Kematian dini akibat polusi PM 2,5 di tingkat global juga meningkat sejak 1990 hingga 2015. Dari yang sebesar 3,5 juta di tahun 1990 menjadi 3,8 juta di tahun 2000 dan pada 2015 sudah menyentuh angka 4,2 juta jiwa.
Permasalahan di India, Cina, Bangladesh, dan Jepang adalah peningkatan paparan PM 2,5 dikombinasikan dengan peningkatan pertumbuhan populasi dan penuaan menghasilkan tingkat kematian yang besar. Paparan polusi udara, sebagaimana tertulis di riset, meningkatkan jumlah orang sakit dan orang mati dini. Paparan polutan ozon yang dihasilkan kendaraan, pembangkit listrik, dan industri menyebabkan 254.000 kematian di tingkat global.
Jika PM 2,5, saking kecilnya, tetap bisa menembus masker, bagaimana solusinya agar kita tetap terhindar dari beragam penyakit saat di dalam maupun di luar rumah?
Bondan Andriyanu, Juru Kampanye Iklim dan Energi Greenpeace Indonesia, mengatakan bahwa pemakaian masker memang bisa jadi solusi sementara yang mudah dan murah diakses, namun belum mengatasi sumber permasalahan. Cara terbaik, baginya, tentu saja dengan menghilangkan sumber polutan.
“Sumber pembakaran yang harus dihindari, misalnya aktivitas membakar sampah, menggunakan kendaraan pribadi, atau menggunakan energi kotor batu bara,” kata Bondan dalam rilis persnya. Greenpeace memiliki perhatian yang besar bagaimana industri besar hingga yang kecil turut menyumbang permasalahan partikel PM 2,5 ini sebab tak diberlakukan aturan yang tegas.
Pemerintah, dalam pandangan Greenpeace, mesti tanggap akan permasalahan ini sebelum menelan lebih banyak korban ke depannya.
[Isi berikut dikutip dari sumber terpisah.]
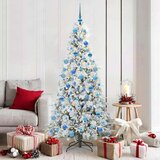 vidaXL Umjetno božićno drvce s nogom s stalakom Zelena 180 cm PE i PVC | shoptok.hr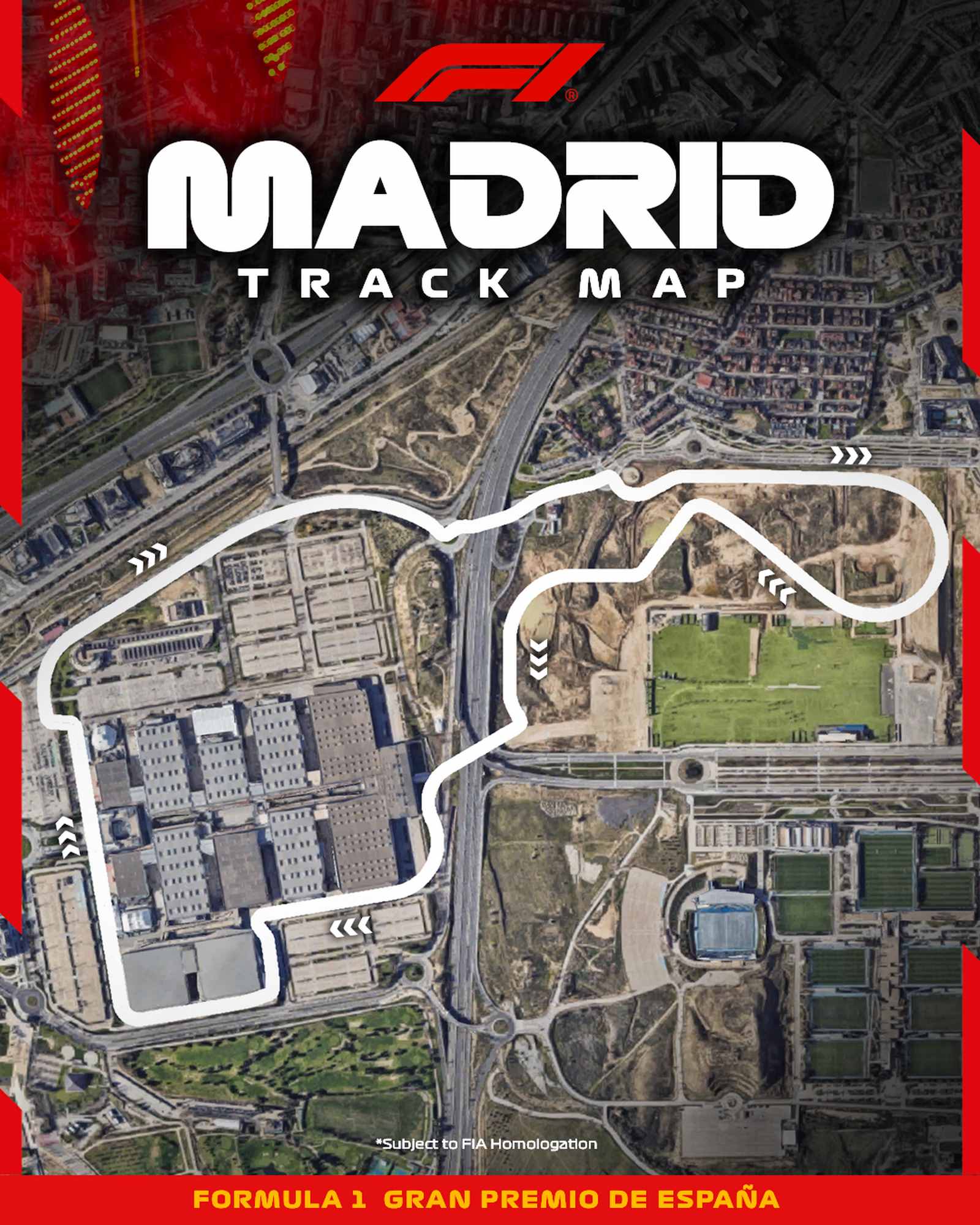 Tracé du Grand Prix de Madrid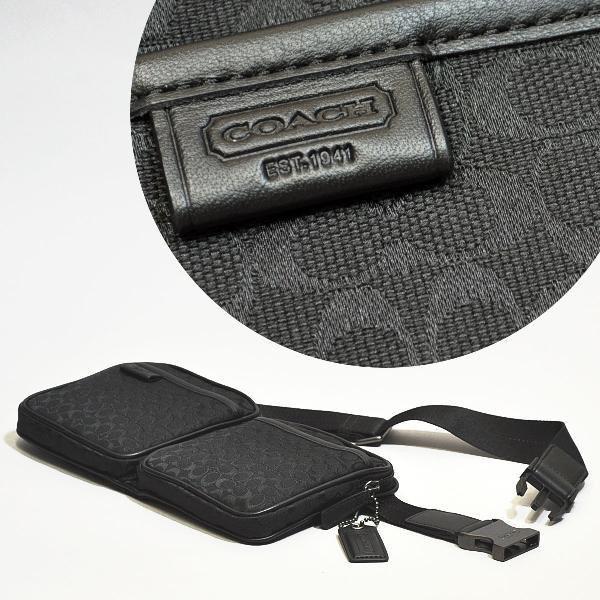 COACH 〈美品〉ウエストポーチ COACH（コーチ） Crossbady Bag ボディバッグ クロスボディ ベルト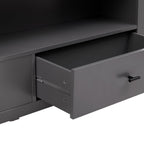 Poppy Bookshelf with Drawer - Charcoal - DUSK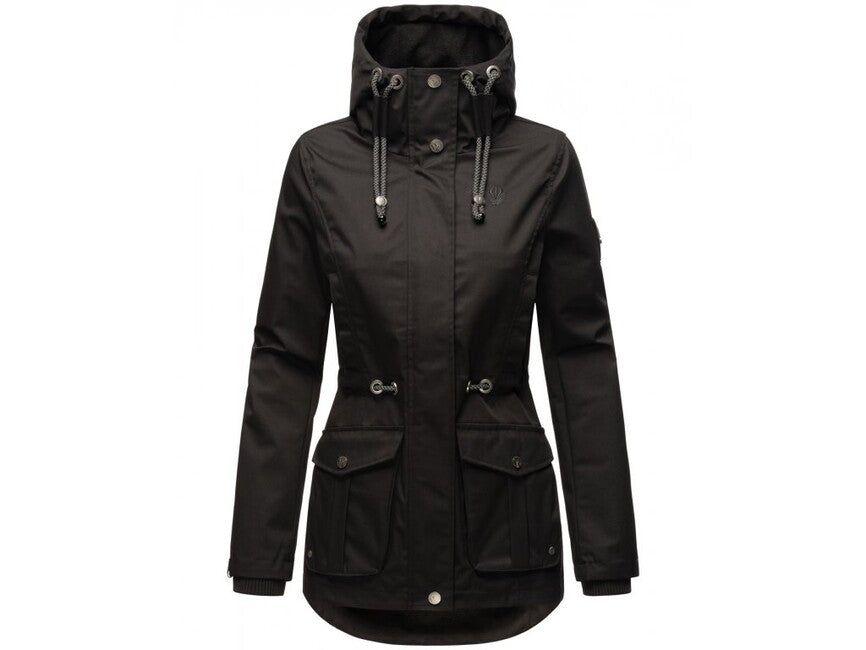 Marikoo Babetaa Princess giacca transitoria da donna con cappuccio, nera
Pemerintah harus memasang alat pemantau kualitas udara serta menyajikan data hasil pemantauan yang bisa diakses oleh publik.
Berbekal informasi tersebut, pemerintah juga perlu merancang dan menerapkan strategi untuk mengurangi polusi udara dengan mendorong masyarakat menggunakan transportasi umum, memperbesar porsi penggunaan energi baru-terbarukan, serta memperketat regulasi emisi khusus untuk sektor pembangkit.